**Data for the task**
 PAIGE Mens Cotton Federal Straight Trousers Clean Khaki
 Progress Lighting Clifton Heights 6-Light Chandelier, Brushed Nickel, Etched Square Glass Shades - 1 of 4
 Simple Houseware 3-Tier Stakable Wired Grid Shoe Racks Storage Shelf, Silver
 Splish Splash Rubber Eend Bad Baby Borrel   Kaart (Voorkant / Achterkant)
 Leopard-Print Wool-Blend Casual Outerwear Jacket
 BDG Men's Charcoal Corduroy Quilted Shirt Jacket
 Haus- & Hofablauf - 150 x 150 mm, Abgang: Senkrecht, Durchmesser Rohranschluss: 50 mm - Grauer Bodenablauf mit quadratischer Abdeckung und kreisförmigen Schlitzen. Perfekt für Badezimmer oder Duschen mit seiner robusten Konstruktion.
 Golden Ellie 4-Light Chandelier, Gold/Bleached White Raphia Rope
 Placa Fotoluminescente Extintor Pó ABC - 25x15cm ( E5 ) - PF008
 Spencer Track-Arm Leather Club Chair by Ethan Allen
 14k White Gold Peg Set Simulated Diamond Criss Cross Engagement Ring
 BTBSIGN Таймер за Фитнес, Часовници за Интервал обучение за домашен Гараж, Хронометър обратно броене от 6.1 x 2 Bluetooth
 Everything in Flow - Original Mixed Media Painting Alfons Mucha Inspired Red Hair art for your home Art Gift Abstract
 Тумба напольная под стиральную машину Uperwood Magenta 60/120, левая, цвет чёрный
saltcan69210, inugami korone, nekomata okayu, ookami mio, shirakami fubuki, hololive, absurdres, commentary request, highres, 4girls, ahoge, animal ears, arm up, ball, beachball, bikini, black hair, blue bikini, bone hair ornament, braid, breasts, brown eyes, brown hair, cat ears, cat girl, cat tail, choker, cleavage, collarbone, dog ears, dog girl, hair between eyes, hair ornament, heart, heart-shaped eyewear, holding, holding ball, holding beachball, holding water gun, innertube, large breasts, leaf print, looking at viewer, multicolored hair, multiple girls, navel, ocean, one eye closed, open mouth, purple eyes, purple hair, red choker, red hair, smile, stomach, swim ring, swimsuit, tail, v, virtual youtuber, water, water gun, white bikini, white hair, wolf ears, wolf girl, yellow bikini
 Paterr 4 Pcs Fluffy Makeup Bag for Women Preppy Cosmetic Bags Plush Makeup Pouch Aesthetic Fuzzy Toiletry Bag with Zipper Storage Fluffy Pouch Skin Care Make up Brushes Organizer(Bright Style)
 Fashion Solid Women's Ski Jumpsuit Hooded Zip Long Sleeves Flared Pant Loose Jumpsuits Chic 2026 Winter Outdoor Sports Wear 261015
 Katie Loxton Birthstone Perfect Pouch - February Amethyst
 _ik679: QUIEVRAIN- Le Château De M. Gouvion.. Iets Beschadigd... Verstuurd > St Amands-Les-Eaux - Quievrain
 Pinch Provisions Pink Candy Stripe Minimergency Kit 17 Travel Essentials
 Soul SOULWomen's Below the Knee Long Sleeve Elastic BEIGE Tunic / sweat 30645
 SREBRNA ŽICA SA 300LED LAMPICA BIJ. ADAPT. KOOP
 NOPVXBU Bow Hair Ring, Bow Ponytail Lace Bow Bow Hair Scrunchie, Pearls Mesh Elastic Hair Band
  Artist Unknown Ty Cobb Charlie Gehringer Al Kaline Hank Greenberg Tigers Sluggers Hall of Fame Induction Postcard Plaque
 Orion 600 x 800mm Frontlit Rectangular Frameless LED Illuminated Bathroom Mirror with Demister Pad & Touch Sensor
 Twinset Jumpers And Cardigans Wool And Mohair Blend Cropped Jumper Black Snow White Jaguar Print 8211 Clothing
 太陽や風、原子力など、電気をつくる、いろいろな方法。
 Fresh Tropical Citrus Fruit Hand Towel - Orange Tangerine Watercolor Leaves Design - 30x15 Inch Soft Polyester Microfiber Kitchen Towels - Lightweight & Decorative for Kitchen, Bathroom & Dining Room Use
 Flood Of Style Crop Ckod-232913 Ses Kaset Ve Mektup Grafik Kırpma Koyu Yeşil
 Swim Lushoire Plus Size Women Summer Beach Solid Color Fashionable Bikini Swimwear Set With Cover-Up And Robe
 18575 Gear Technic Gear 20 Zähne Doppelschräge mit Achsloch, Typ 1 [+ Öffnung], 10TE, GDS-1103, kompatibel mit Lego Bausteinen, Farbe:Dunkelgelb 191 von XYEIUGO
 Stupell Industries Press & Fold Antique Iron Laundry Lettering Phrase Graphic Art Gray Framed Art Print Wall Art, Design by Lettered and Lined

**Required action**
Look over the listing above and copy each line that contains "Jacket".

**Task answer**
 Leopard-Print Wool-Blend Casual Outerwear Jacket
 BDG Men's Charcoal Corduroy Quilted Shirt Jacket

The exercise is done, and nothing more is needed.